→ **DATA SHOWN**
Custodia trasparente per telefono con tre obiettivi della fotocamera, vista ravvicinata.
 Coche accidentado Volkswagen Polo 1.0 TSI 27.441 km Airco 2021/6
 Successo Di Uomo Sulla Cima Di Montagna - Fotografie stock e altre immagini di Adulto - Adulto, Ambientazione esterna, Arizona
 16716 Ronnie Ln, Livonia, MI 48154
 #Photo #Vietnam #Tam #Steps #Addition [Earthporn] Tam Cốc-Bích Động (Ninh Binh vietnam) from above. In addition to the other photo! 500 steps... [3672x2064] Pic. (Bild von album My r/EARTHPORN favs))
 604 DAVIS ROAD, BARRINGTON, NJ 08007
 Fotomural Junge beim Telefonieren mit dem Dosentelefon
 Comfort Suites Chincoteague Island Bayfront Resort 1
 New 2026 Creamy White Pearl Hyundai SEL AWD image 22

→ **EXERCISE DIRECTIONS**
Look above for the line containing "Fotomural Junge beim". Return it and each line after it exactly, through the last line, and nothing more.

→ **RESPONSE BOX**
 Fotomural Junge beim Telefonieren mit dem Dosentelefon
 Comfort Suites Chincoteague Island Bayfront Resort 1
 New 2026 Creamy White Pearl Hyundai SEL AWD image 22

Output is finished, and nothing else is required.